広義にはパソコンを利用し電話回線を使用する広域ネットワークの意。この中には狭義のパソコン通信の他にインターネット利用なども含めることができる。
パソコン通信の端末は、当時はパソコン位しか機能(および価格)的に足るものが無く、それ故にイメージ的に「パソコンによる通信サービス」という形で呼ばれることになった。
1980年代末にはニフティサーブの普及などにより、ワードプロセッサやPDAなどでも利用可能な機種が多数登場した。
そのため一部の機種では「ワープロ通信」という呼称を付けている場合もあったが、一般的には利用する端末機械の種類を問わず、通念上のものとして全てを含めパソコン通信と呼ぶ。
初期のパソコン通信サービスで有名なものには、1979(昭和54)年に誕生したアメリカのCompuServeがあり、日本でも一部のパソコンマニアが英和辞書片手に8ビットのパソコンと300〜1200bps程度の低速モデムを使い、高い電話料金に悩みながらも、広がる世界に狂喜乱舞した。
その他に1985(昭和60)年誕生のアメリカオンライン(AOL)やMicrosoft Network(MSN)などが有名。
日本では1987(昭和62)年に登場したニフティサーブをはじめとして、PC-VAN、日経MIX、ASCII-NETなどが隆盛を極めた。
これらはみな特定の会社が有料で会員制サービスを行なう商用サービスであったが、その他に主に個人が開発したホストプログラムを自宅のパソコンなどで動かし、無料で掲示板を中心としたサービスを行なう個人局が多数誕生する。

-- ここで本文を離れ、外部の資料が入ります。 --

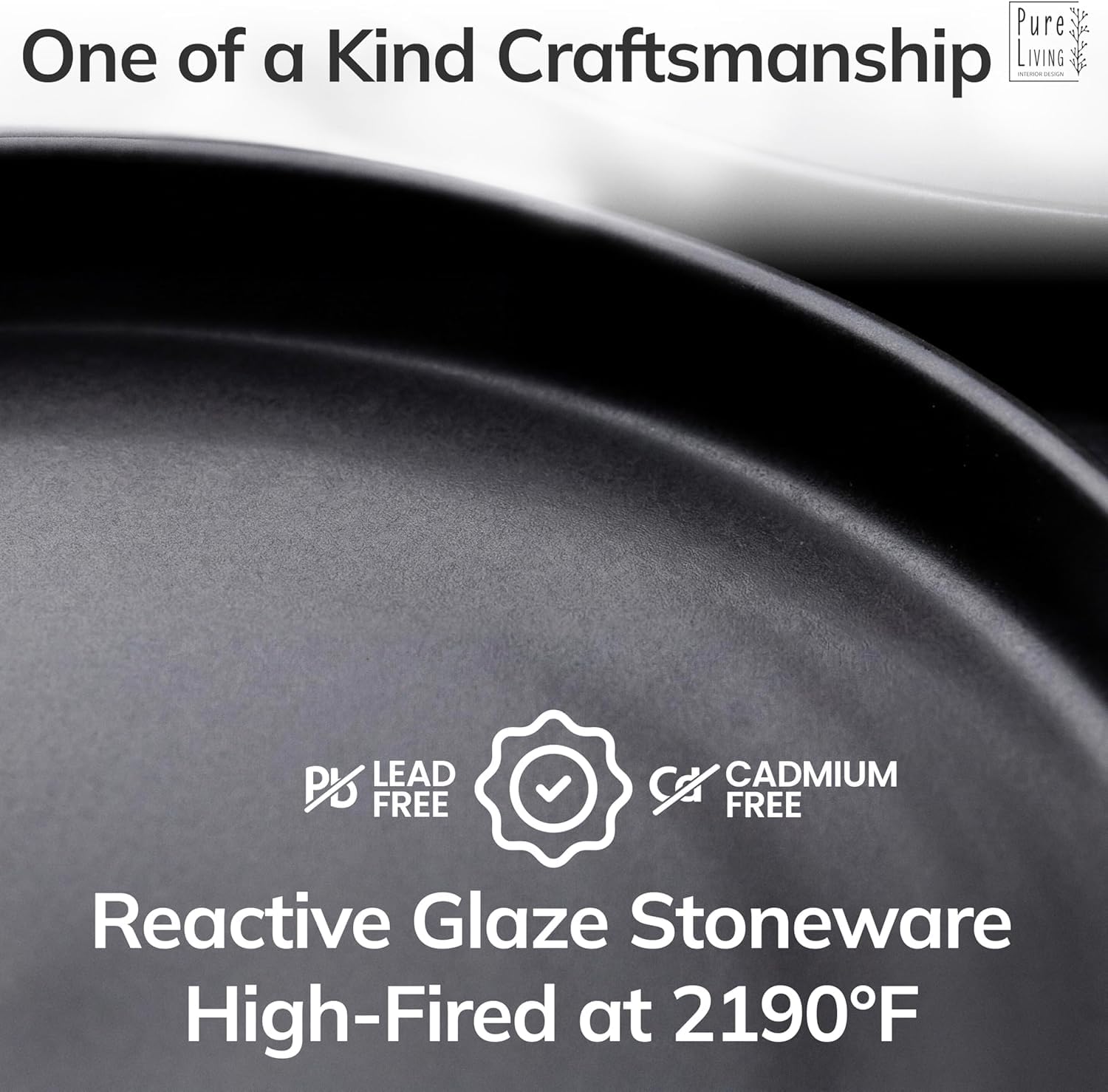 PURE LIVING INTERIOR DESIGN styled table setting with black stoneware showing elegant meal presentation benefit
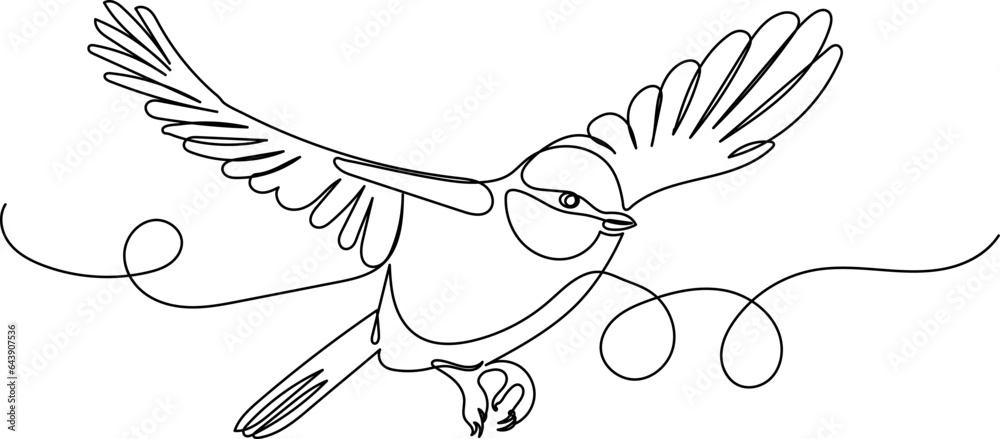 tit flies continuous line drawing vector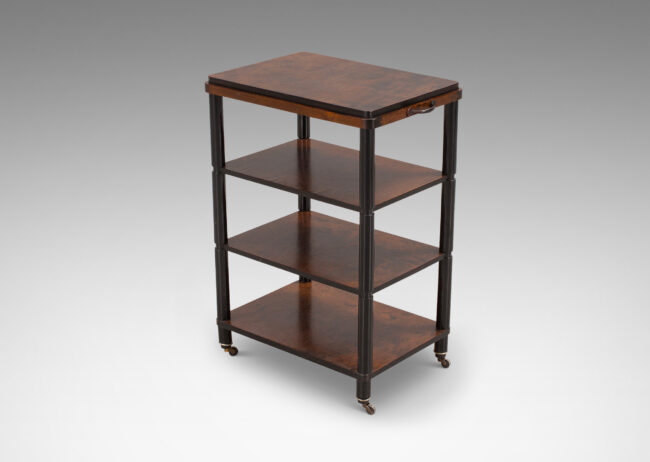 Gallery BAC ectangular top and three shelves, with rounded corners, stepped top, and coined legs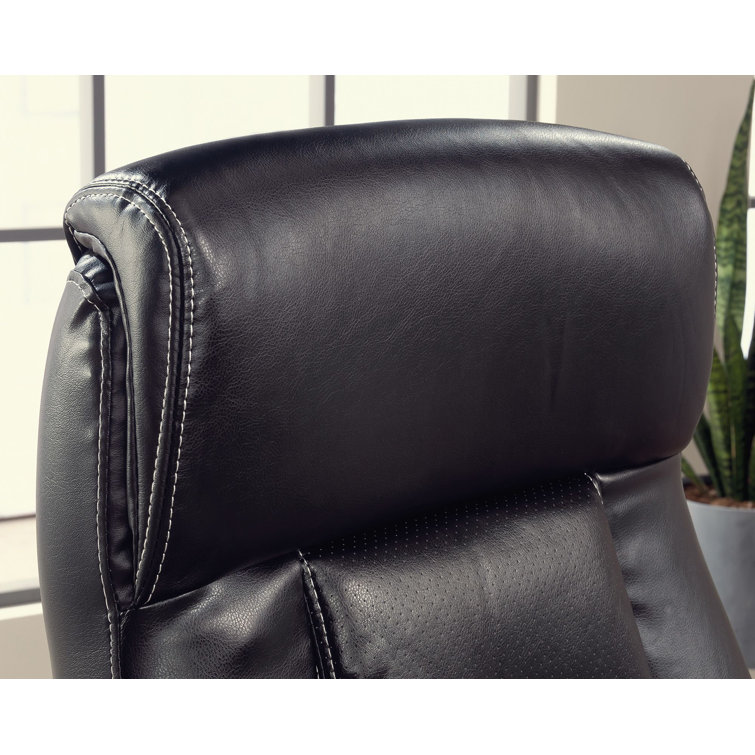 Executive Swivel Leather Office Chair with Fixed Arms in Black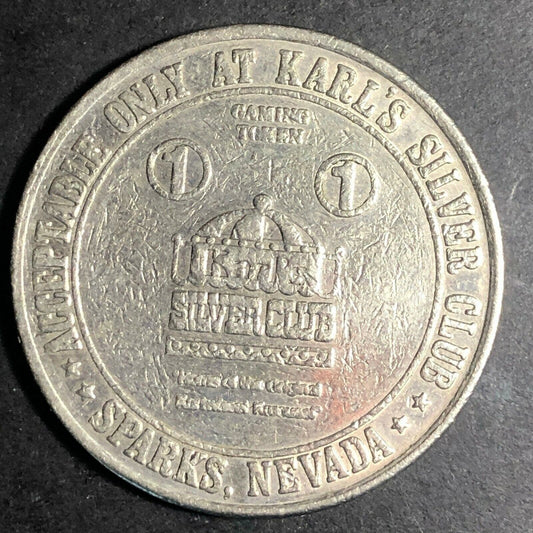 1979 37mm Plated Brass $1 Karl's Silver Club Sparks, NV Gaming / Slot Token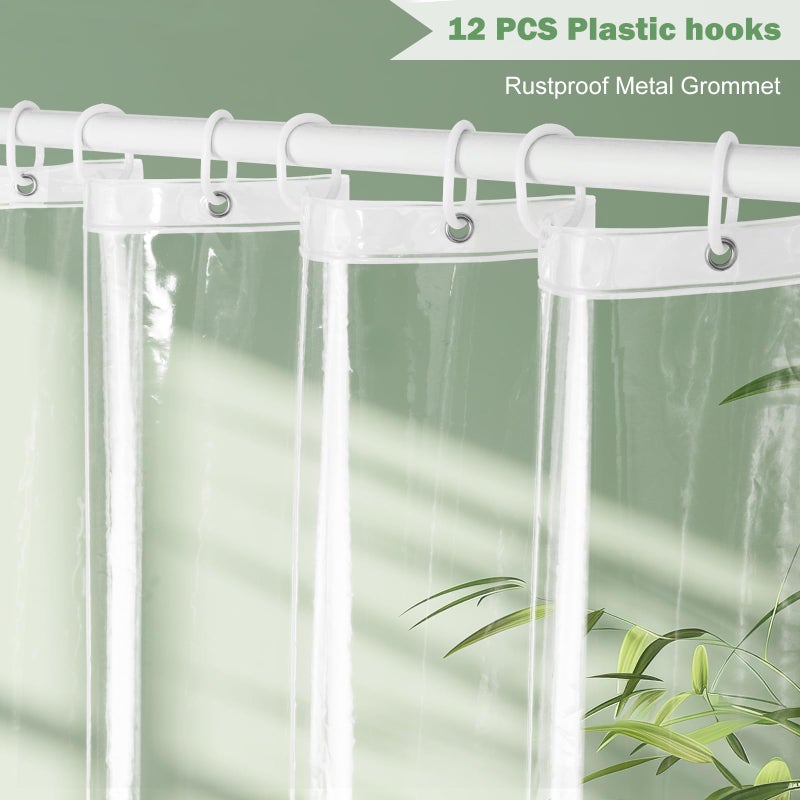 UFRIDAY Clear Shower Curtain , Extra Long Shower Curtain Liner 72x78 Inch ,Bathroom Curtain Waterproof with 5 Magnets Bottom, for Home and Hotel,PEVA - Image 3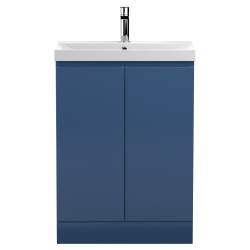 Urban 600mm Freestanding 2 Door Vanity Unit & Thin-Edge Ceramic Basin - Satin Blue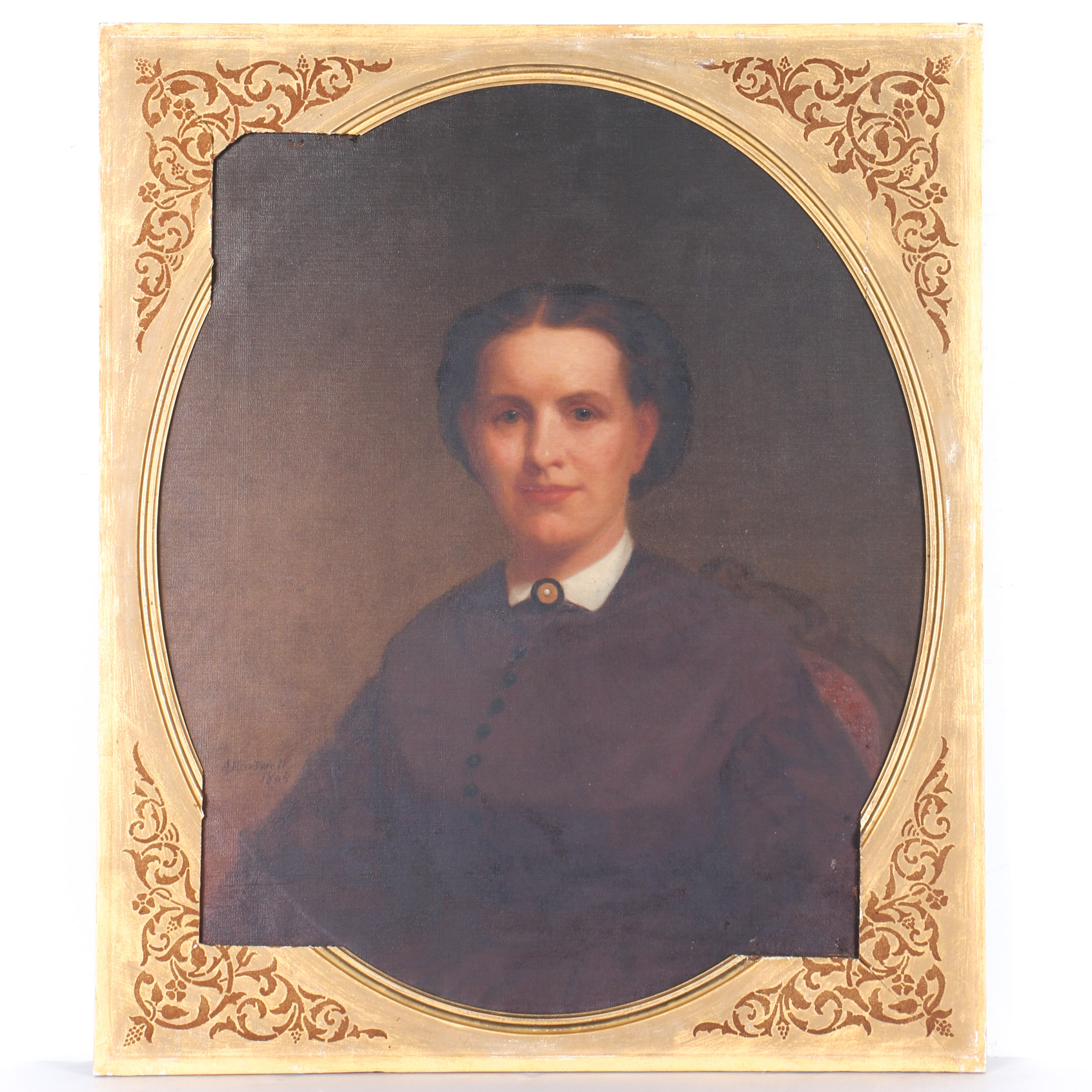 Alonzo Hartwell Oil Painting on Canvas Portrait of A Woman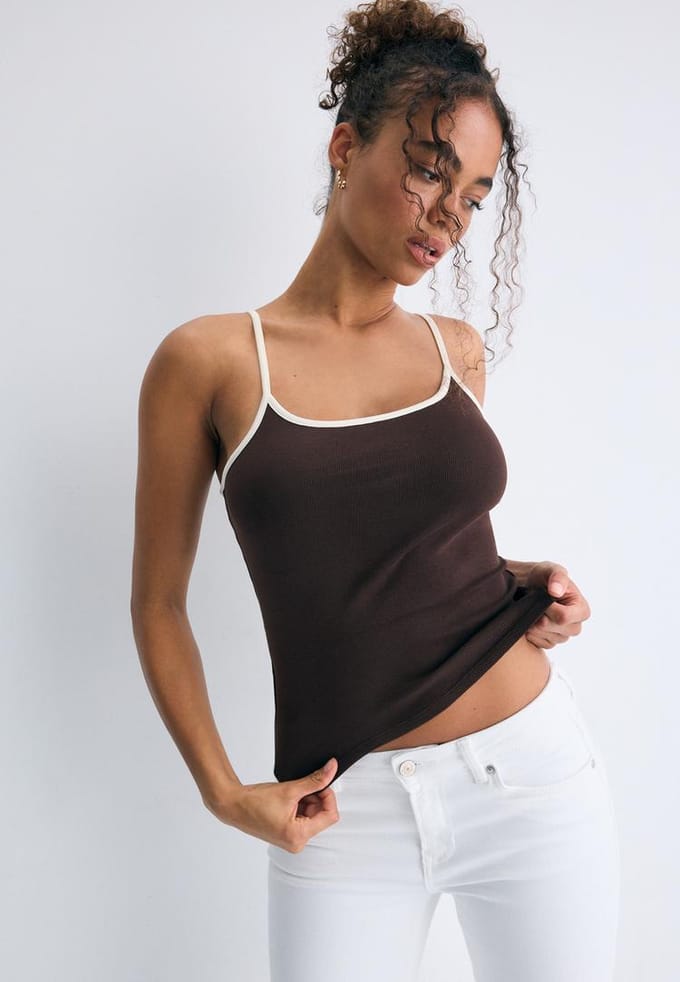 Stradivarius B07 Ribgebreide top met bandjes  Bruin S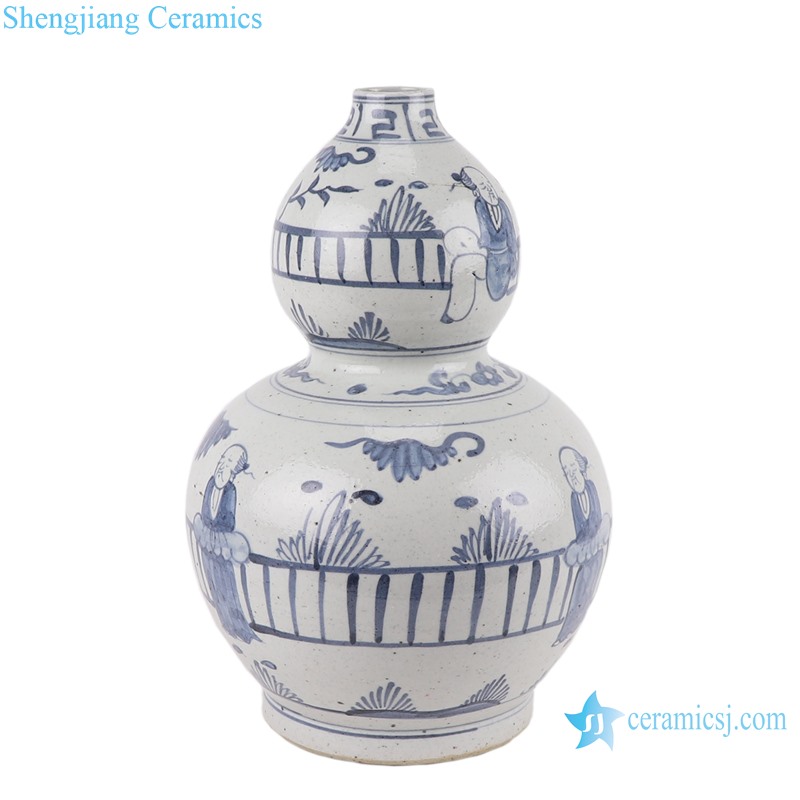 RZFB02-A-B Blue and white hand painted character pattern calabash shape ceramic porcelain vase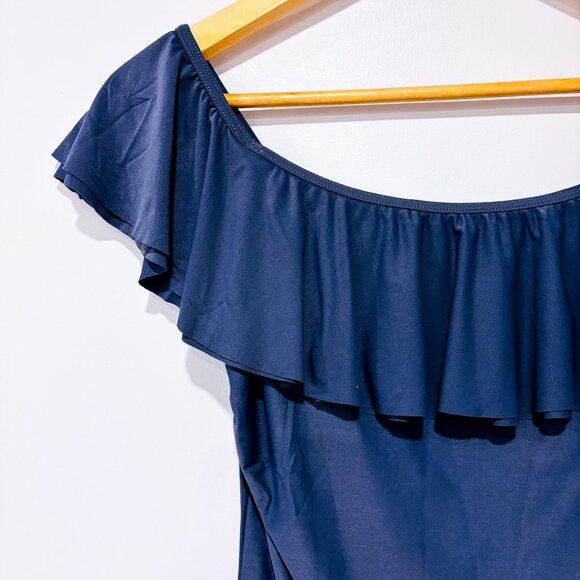 MICHAEL KORS Ruffled One-Piece Swimsuit with Off-Shoulder Neckline | Size 10 * - Picture 3 of 6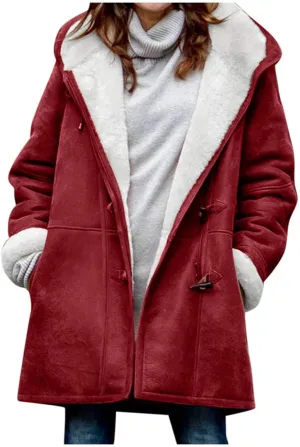 Womens Winter Sherpa Fleece Lined Jacket Long Plus Size Horn Button Wool Trench Coat Warm Thick Hooded Peacoat Outwear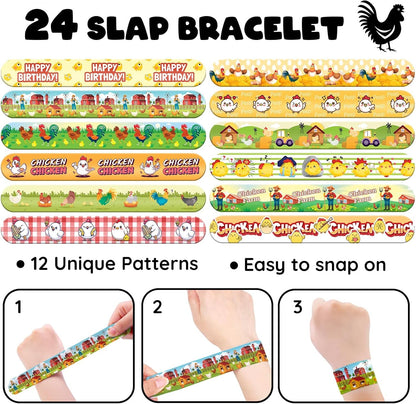 96 PCS Chicken Party Favors Set – 72 Pre-Cut Temporary Tattoos & 24 Slap Bracelets for Kids, Perfect for Farm-Themed Birthday Parties, Classroom Rewards & Barnyard Celebrations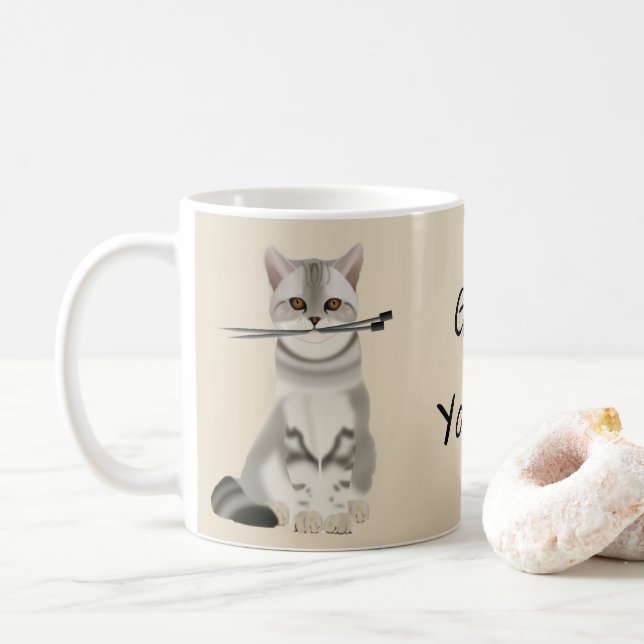 Mug Chat "a obtenu fil" de la typographie | avec des (Avec donut)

これを草の根ホストまたは草の根BBSと呼び、パソコン通信文化の重要な一端となった。
最盛期(1980年代末〜1990年代頭)には、日本だけでも数千のホスト局が存在していた。
しかし1990年代に入って、インターネットがPPP接続による電話回線経由の利用ができるようになったことで当初の研究機関向けのネットワークから一般に利用されるものに変貌する。
その結果、従来のパソコン通信は大幅に数を減らすことになった。
インターネットの普及によるパソコン通信の衰退については様々な要因が考えられるが、各人によって認識や解釈が異なる上、商用と草の根ではまた原因が異なるために一概に述べることができない。
主な要因としては以下の内容が考えられる。
実際のところ、会員制サービスを展開できるパソコン通信と違い、単にインターネット化しただけではホスト運営側は今までと同様の利益を得ることはできない。結果として、インターネットにユーザの大半を持っていかれたことと、企業のスポンサー契約を取れないことが致命傷と言える。
過渡期には、@niftyにしろAOLにしろ, インターネット接続プロバイダに旧来の会員制独自コンテンツという二本柱で「巨大プロバイダ」としての地位を確保していた。
草の根ホストに関しては、アクセスポイントを全国に展開できないという致命的な弱点がある上、操作が覚えにくいため新規会員を獲得できず、殆どの場所で自然消滅してしまっている。